Rolling Stones secret shows are a thing that always happen to other people -- fans of some elusive higher stature with magical gift for anticipating the band's movements, plus a great deal of superhuman luck. I thought those people at secret Stones shows are all longtime fans who've loved the band for twice as long as I've been alive. But somehow, here I am at my first Stones show ever, a mere 10 feet from Mick Jagger. Close enough to discern the color of the band's guitar picks, close enough to hear what the microphones miss. I am in the kind of venue the band hasn't regularly played since 1964, but it is a half-century later -- April 27, 2013, Echo Park, California, and I am 17 years-old.

Raised in a staunchly pro-Beatle household (at least for the most part), it took me some time to find the Stones. The soundtrack of my formative years more closely resembled "All You Need Is Love" than "It's Only Rock and Roll," but after that Saturday night at the Echoplex, those characters of myth, theoretically close enough to gob at, are real to me in a way that the Fab Four will never be. Real as they are to very few others, let alone others of my generation. The scene was dreamlike as the band moved around the inexplicably foggy club stage, but evident also was flesh and blood.

Especially to us young vintage music fans, the Stones are included in the pantheon of unreachables. These men have, in some cases, deeply changed us, but they will never know us. We are just another part of that many-handed, many-throated beast that is the audience, the same wild creature that the Stones conquered at the Marquee Club, Hyde Park, and Madison Square Garden, and painfully lost at the Altamont Speedway in 1970. But as some older fans relish pointing out, we weren't there. We didn't know the Stones before the plane and the bodyguards -- all we have to judge by is, no wordplay intended, the aftermath. But perhaps that is what made the exclusive phone-less and camera-less Echoplex set all the more special to us.

We were all standing, tickets were an even $20 no matter how much lips and tongue-logo gear you owned or how many Stones records you've been alive to rush out and buy upon release. More casual listeners and megafans talked at ease as we all waited in line for the show, swapping facts and anecdotes, quietly calculating how many people stood ahead and behind us. The best kind of rock 'n' roll show is a great equalizer, not a class war, and while there is no question that in recent years, the Stones have become something of a rich man's band, this gig was anything but a rich man's show.

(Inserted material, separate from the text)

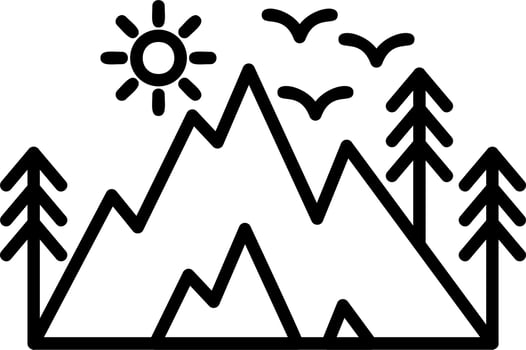 Mountains Vector Icon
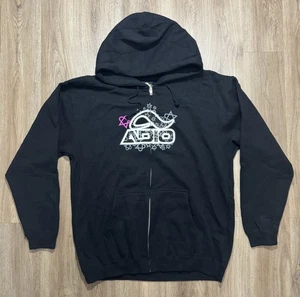 Y2K ADIO Heartagram Skateboarding Black Zip Up Hoodie Size L - Picture 1 of 7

Throughout a set that included a wide swath of Stones material from the '60s to the '80s plus several blues and R&B covers, we were fortunate enough to see Mick, Keith, Ronnie, and Charlie with Mick Taylor, the extraordinary guitarist who worked in the band from 1969 to 1974, and longtime sax player Bobby Keys, plus Darryl Jones on bass, Chuck Leavell on keys, and Bernard Fowler and Lisa Fischer on background vocals. Musically in top form, the group moved freely around the tiny stage and seemed to be in good spirits, laughing and hugging between songs. "Love in Vain" and "Midnight Rambler" were bluesy highlights, and "Street Fighting Man" blew the crowd off their feet. A funky treatment of "Miss You" breathed new life into a song I have heard many times, but never responded to in its studio form.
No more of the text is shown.